» Exercise description: Would you repeat the data below exactly, taking out the images?

[Items listed in a dataset]
=-=-=

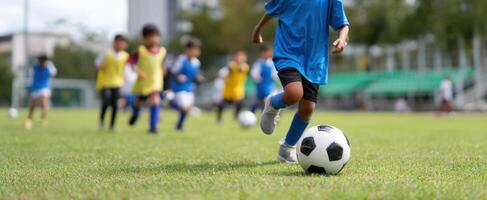 The young soccer player dribbling the ball in a dynamic outdoor game. photo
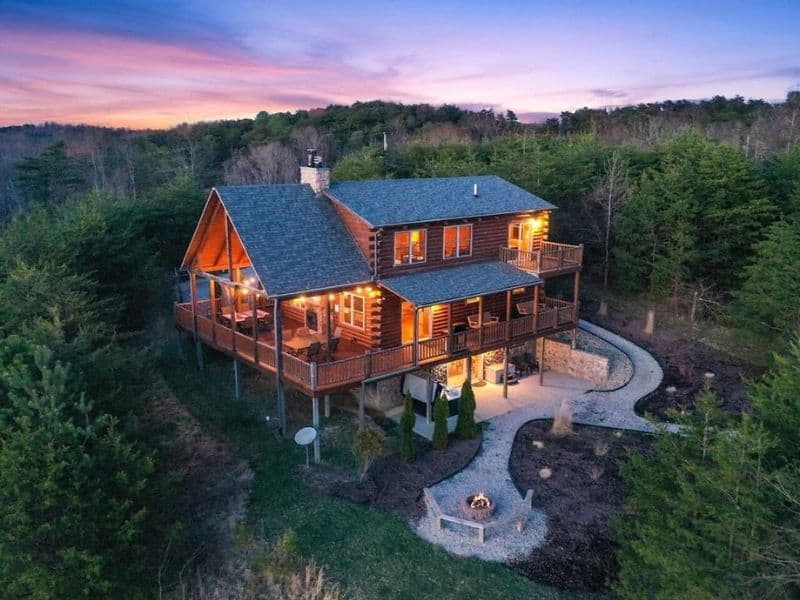 Aerial view of large wood cabin in Hocking Hills at dusk with a fire pit and outdoor seating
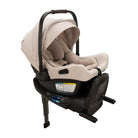 A profile view of a MIXX Next + Pipa Aire RX Travel System by Nuna infant car seat in Biscotti attached to its base with a load leg, featuring a beige seat and canopy and a brown leatherette carry handle, set against a clean white background.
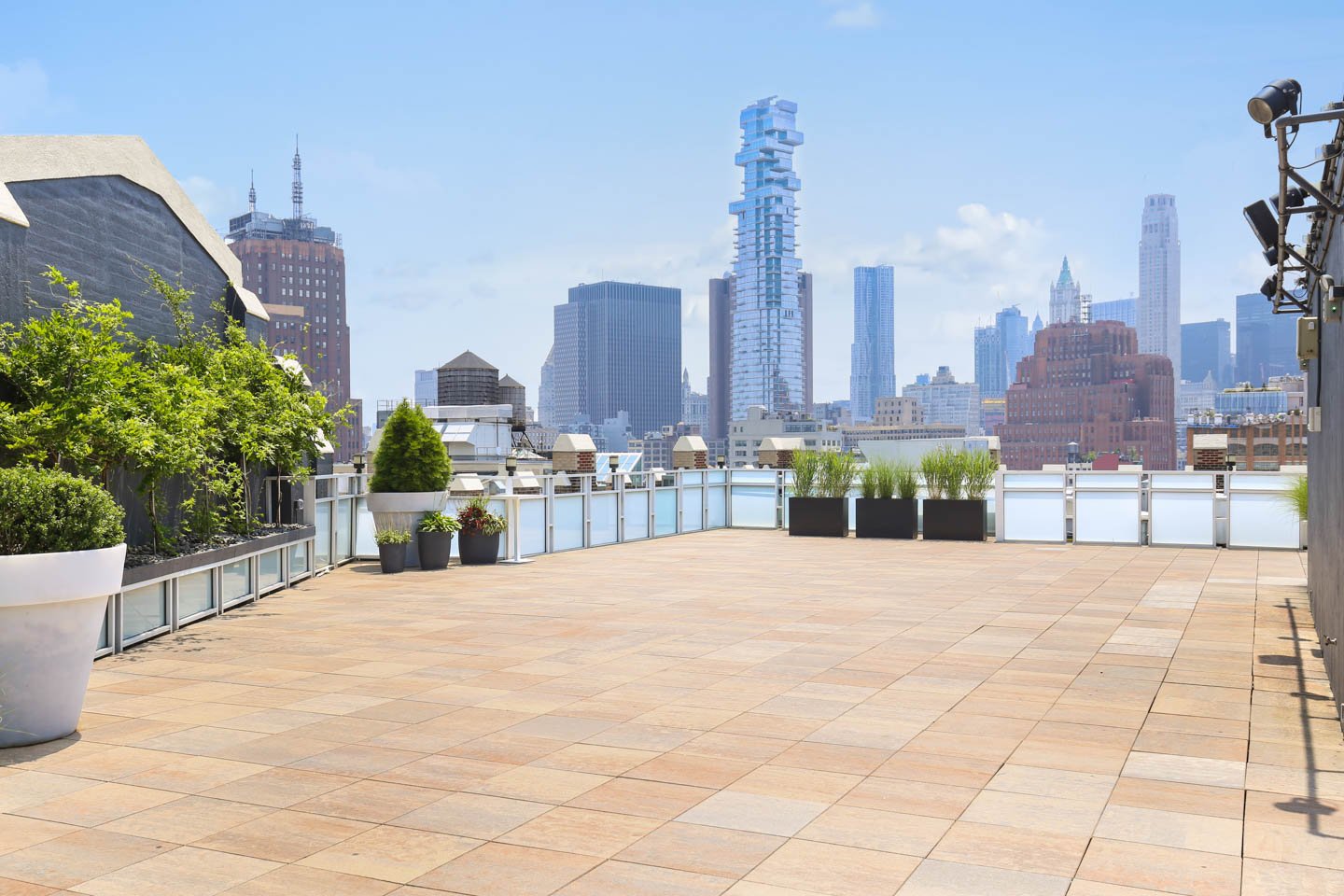 photo: rooftop ceremony space with downtown manhattan views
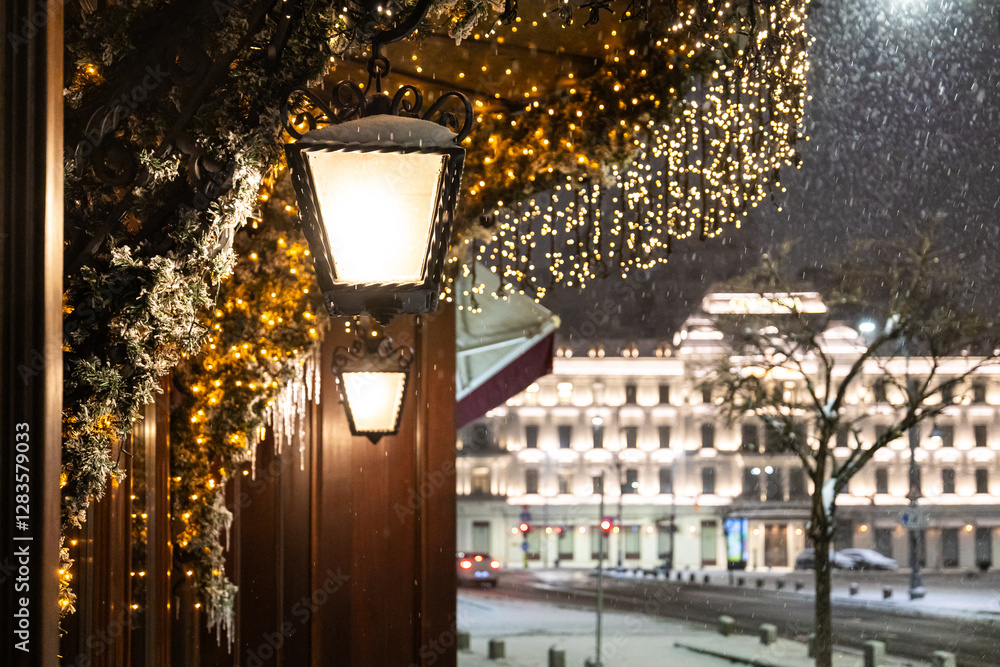 Winter in Bucharest. A snow-covered street in Bucharest illuminated by vintage street lamps, casting warm light on the cold winter night.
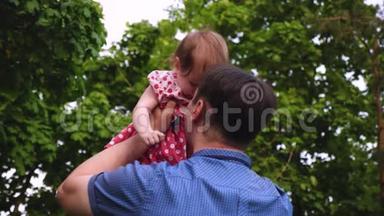 爸爸在夏天公园抱着小女儿。 爸爸和小<strong>孩子</strong>玩，<strong>哄</strong>起宝宝开心又笑。 慢慢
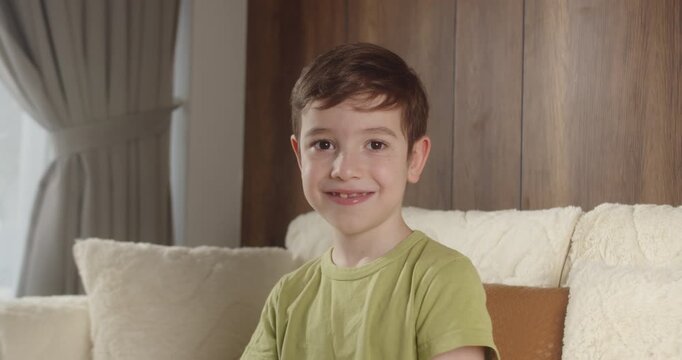 Portrait of smiling 8 year old boy with tooth gap sitting on sofa at home.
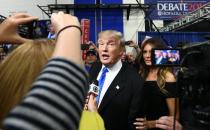 Republican nominee Donald Trump (C) speaks with reporters in the "Spin Room" as Melania Trump looks on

=-=-=

» Problem solution:
 The young soccer player dribbling the ball in a dynamic outdoor game. photo
 Aerial view of large wood cabin in Hocking Hills at dusk with a fire pit and outdoor seating
 A profile view of a MIXX Next + Pipa Aire RX Travel System by Nuna infant car seat in Biscotti attached to its base with a load leg, featuring a beige seat and canopy and a brown leatherette carry handle, set against a clean white background.
 photo: rooftop ceremony space with downtown manhattan views
 Winter in Bucharest. A snow-covered street in Bucharest illuminated by vintage street lamps, casting warm light on the cold winter night.
 爸爸在夏天公园抱着小女儿。 爸爸和小<strong>孩子</strong>玩，<strong>哄</strong>起宝宝开心又笑。 慢慢
 Portrait of smiling 8 year old boy with tooth gap sitting on sofa at home.
 Republican nominee Donald Trump (C) speaks with reporters in the "Spin Room" as Melania Trump looks on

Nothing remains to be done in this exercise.